At 5:45am on 1st October 2013, my grandfather left this world. I had four missed calls from my mum, when I woke at 7am. And I knew. It was expected but you never really can expect it.

He always wore a brass bracelet on his left wrist, to fight off athritus. He used to do silly little dances when he was happy and whistle a lot. He was a brilliant and talented carpenter. Three quarters of my family home he had either built or at least approved of. His phrases included “One up, all up” and “Strewth” to mention two out of many. His family came first, and if you were to learn patience of anyone, it would be him. He was a skilled builder, he started out learning to build boats on Cockatoo Island, in Sydney Harbour. He raised a family with his lovely wife Edith (I kinda think it is amazing that they were called Ed and Edie) of six children in South Sydney, and was a familiar face wherever he want. Everyone loved him.

When I began writing, and simply sharing thoughts, I began with the name “Southern Bloke” but then several years ago, changed to the name “Edwin Jones”. I told Pop about this, and he beamed. Well, I could tell he was beaming through the letter he wrote. I was inspired to write to him a few years ago, as I had never done that with him. Little did he know how much he loved it, and I eventually got a letter in return (originally was sent to the wrong address and it also took him quite a while to write it due to his lack of strength sometimes). His beautiful handwriting and his way with words shone through, and it will always be one of the most treasured letters I will ever receive in my life. He talked about the everyday things, just like I did. But that wasn’t the point, so much meaning between the lines. He was very keen to read my writing, it was just a small added extra smile that I was using his name. The fact he knew that and loved knowing what I was up to, meant a lot. Means a lot.

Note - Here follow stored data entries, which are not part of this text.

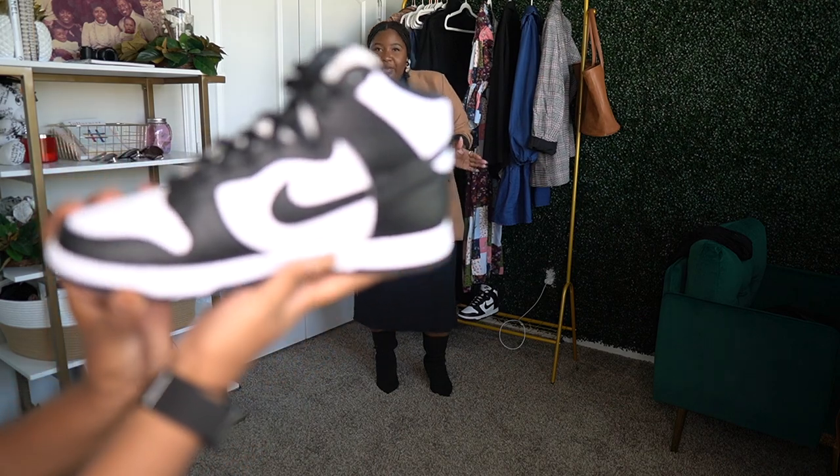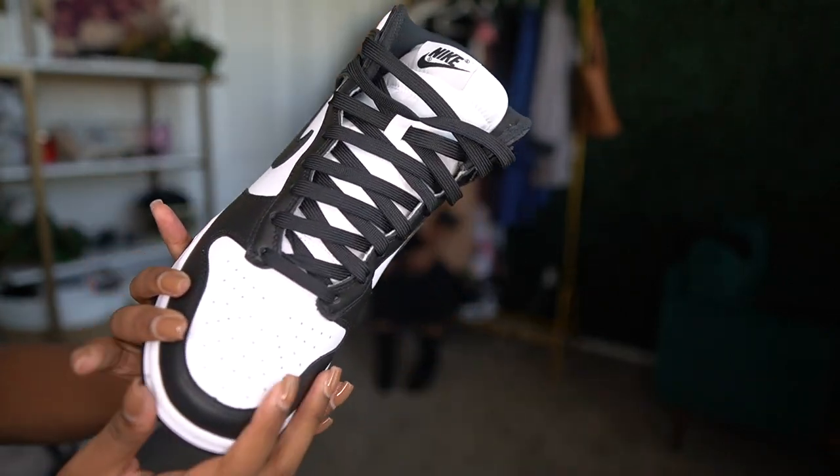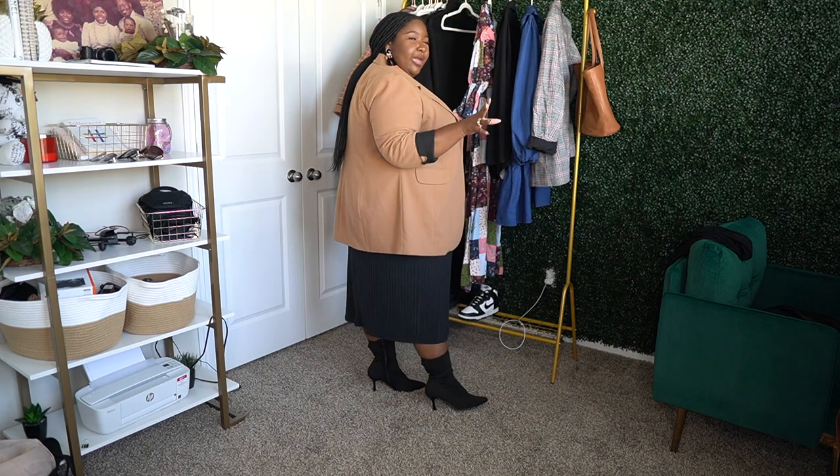I paired this with cute booties from Torrid and also a sneaker option — the white and black Dunks I got from the GOAT app. The blazer is from Eloquii — you've seen it many times, but I definitely get my cost per wear out of it. The boots are about three to three and a half inches, which is a comfortable height if you're going to and from locations without excessive walking.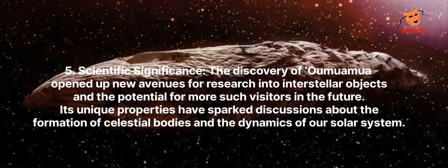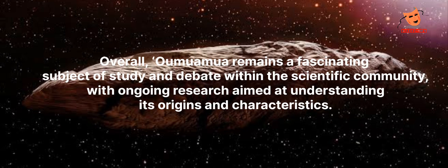Scientific significance: The discovery of Oumuamua opened up new avenues for research into interstellar objects and the potential for more such visitors in the future. Its unique properties have sparked discussions about the formation of celestial bodies and the dynamics of our solar system. Overall, Oumuamua remains a fascinating subject of study and debate within the scientific community, with ongoing research aimed at understanding its origins and characteristics.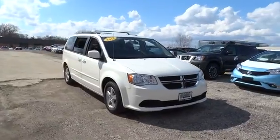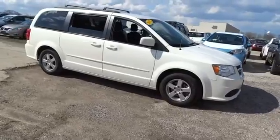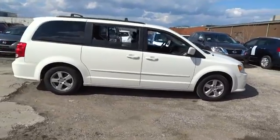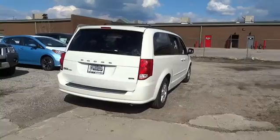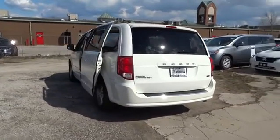2012 Grand Caravan. The Dodge Grand Caravan received the government's highest front and side crash rating of five stars. Its vast interior is widely praised with an innovative seating arrangement, versatile cargo storage, and enough entertainment features to keep the kids entertained on road trips, and is priced below $20,000.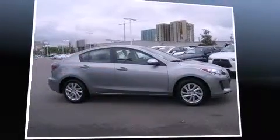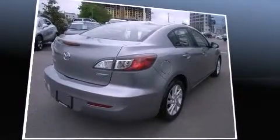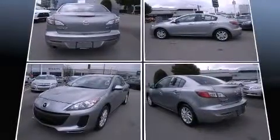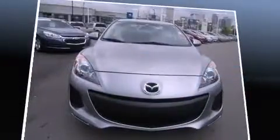Discerning drivers will appreciate the 2012 Mazda Mazda 3. This four-door, five-passenger sedan still has less than 15,000 miles. It features a standard transmission, front-wheel drive, and a two-liter four-cylinder engine.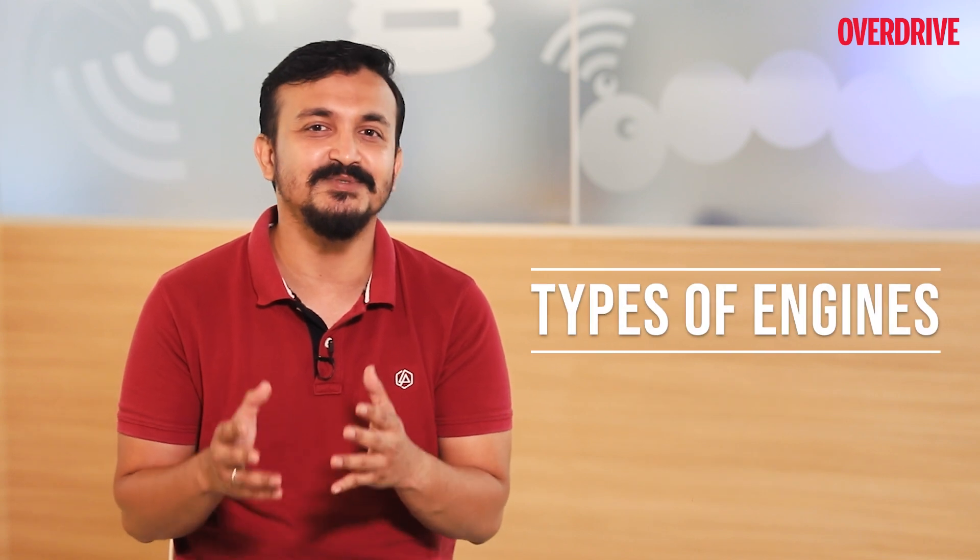Hello guys and welcome to Overdrive. I am Aniruddha and today we are talking about the different types of engines present in our automobiles.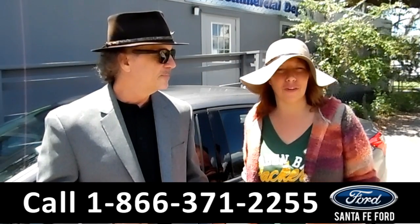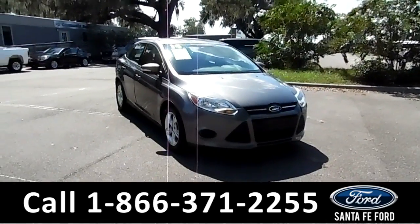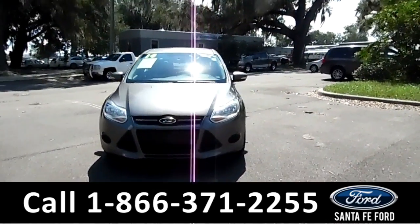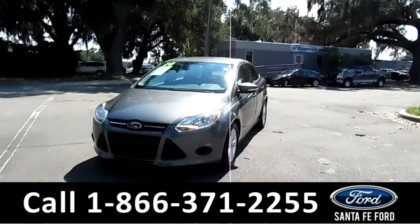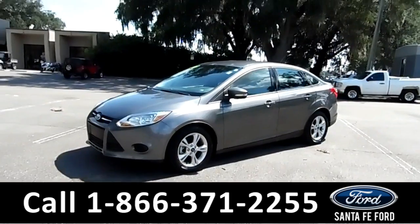We've got a 2014 Ford Focus and I've got all the details for you right now. Hi everyone, it's Jen here, and again, this is a 2014 Ford Focus. I'm going to go over as much as I can in a short video, but if you'd like more information, you can visit our website, SantaFeFord.com.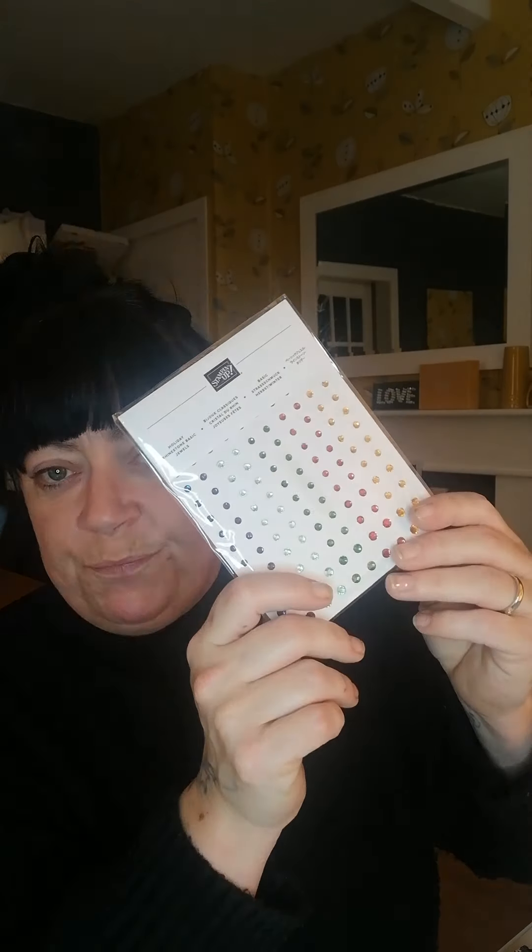I've also got some happy mail from Sam for on stage — a wonderful pack of Holiday Rhinestone basic jewels. Lovely colours in there. I've only ever purchased one of these myself and shared it out with the craft ladies when we last done our face to face. So that was a gift for doing on stage, which was wonderful. I'll keep those out now so that I can use them.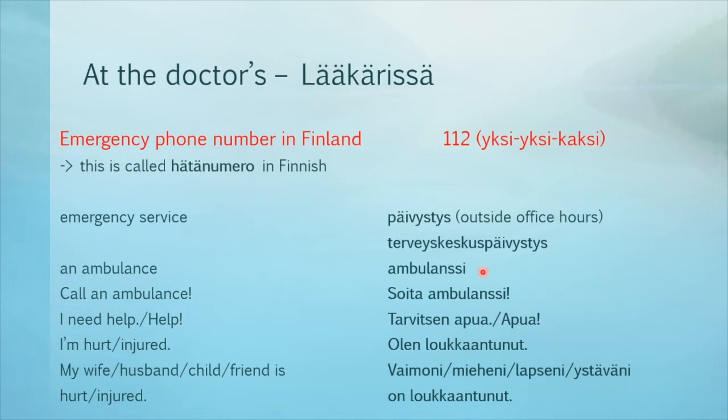Here is some more vocabulary. An ambulance: ambulanssi. Call an ambulance: soita ambulanssi. I need help: tarvitsen apua. Help: apua. I'm hurt or injured: olen loukkaantunut. My wife, husband, child, or friend is hurt or injured: vaimoni, mieheni, lapseni, ystäväni on loukkaantunut.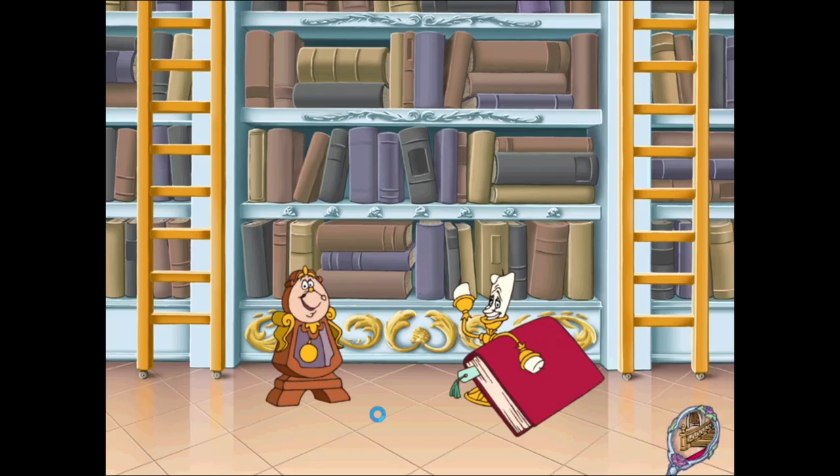Select the magic mirror to return to the foyer. If you'd like to return to the game, click on the bookshelf. To the foyer. A bientôt. Farewell. See you soon.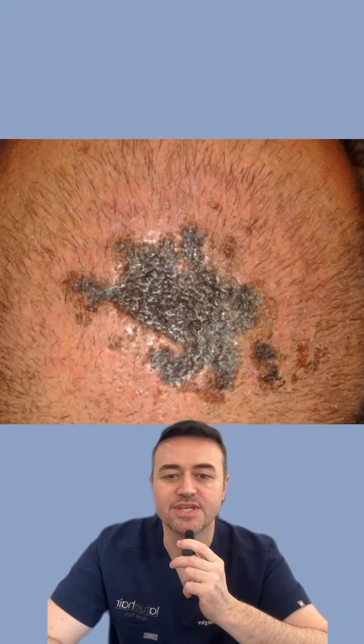The first and most common reason is infection. Keeping your grafts clean immediately after surgery is extremely important.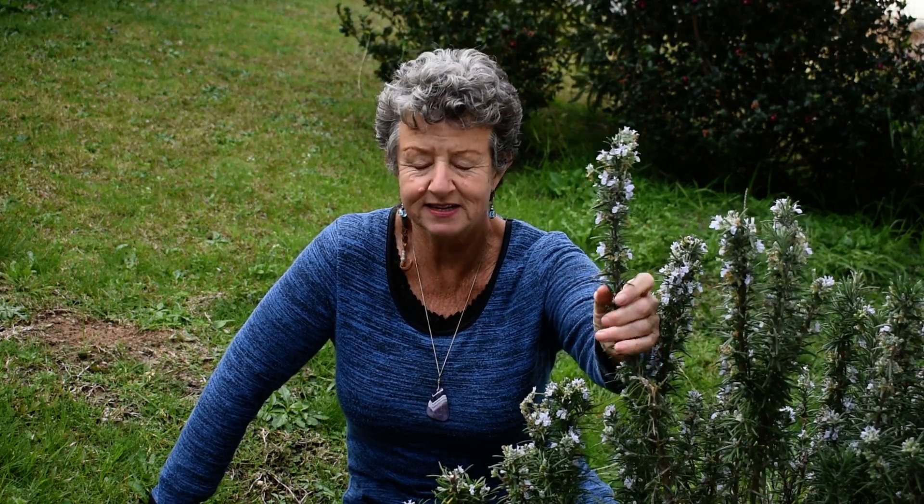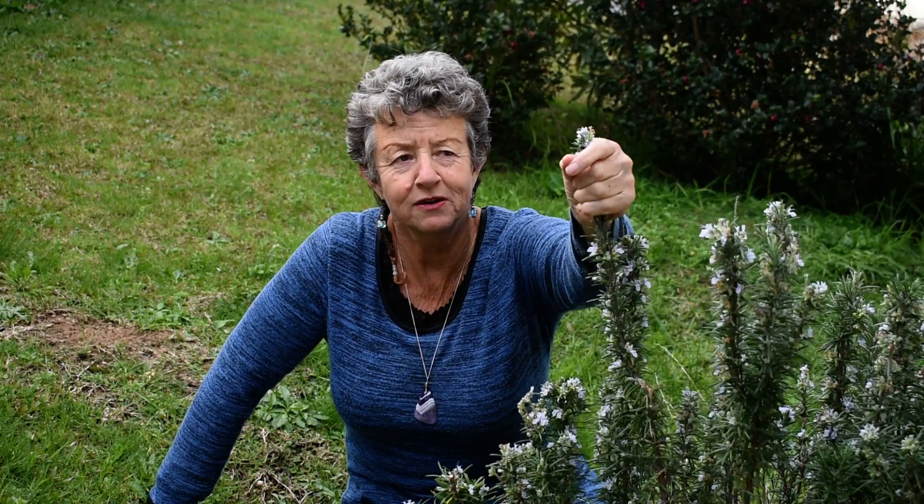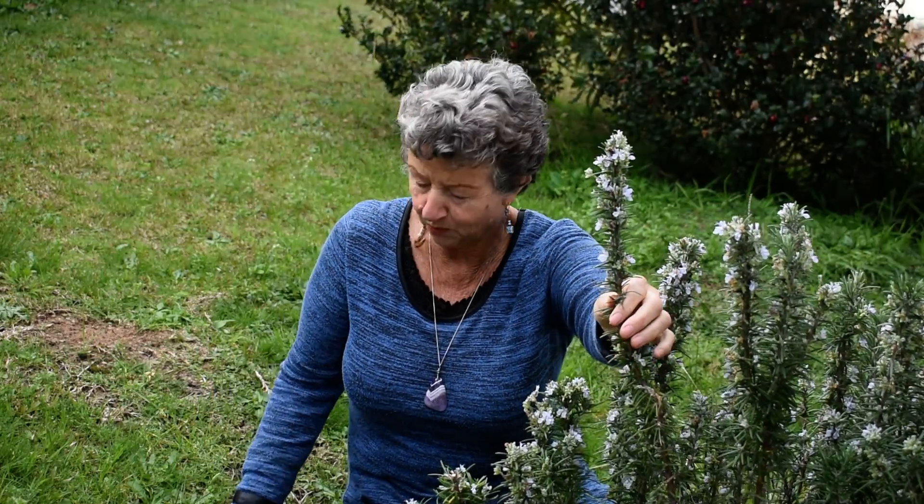Hi, now this is one of my favourite plants to have in the dispensary, but it's also a fantastic one for you to have at home. Look at the beautiful flowers on this. I love sitting close to it because the smell of it is divine. Maybe you've figured out what it is — it's Rosmarinus officinalis, or Rosemary.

When I was growing up, the name “Edwin” was kinda dorky as my peers had never heard that name. You grow into your name though. And wish I smiled more when I let people know what my middle name was as a kid. I got to carry the name of Ed.

Edwin Ring


A vacant paper deer head is looking at me. Staring down. For all I know, it is staring through me. But we are focussed on one’s self these days so it is staring at me for all purposes of the gist I am going with. I was just looking through my photos from past and present in the shoeboxes we all store things in. Looking for a new set to place in frames, rotating those clicks in time where I either look my best or a moment that brought the best out in me or those around me. Otherwise its simply a great shot of my pet chicken in 1995. And every time I do this, I have the opportunity to leave some photos behind or shuffle them up even more so. It really becomes like the mind, no real chronological order. But more that snap or… that memory.

A cassette tape.

Our landlord informed us today through our real estate agent, that the boxes in our parking spot cannot stay there as they had complaints from the building. Funny how hearing this really had a powerful influence over my activity for the evening.

What is that you ask? Going through the boxes and working out what I should really throw out. This just led to being distracted by every single item I pulled out of the box. After fifteen minutes I look around and see I have simply dispersed all the stuff around the room.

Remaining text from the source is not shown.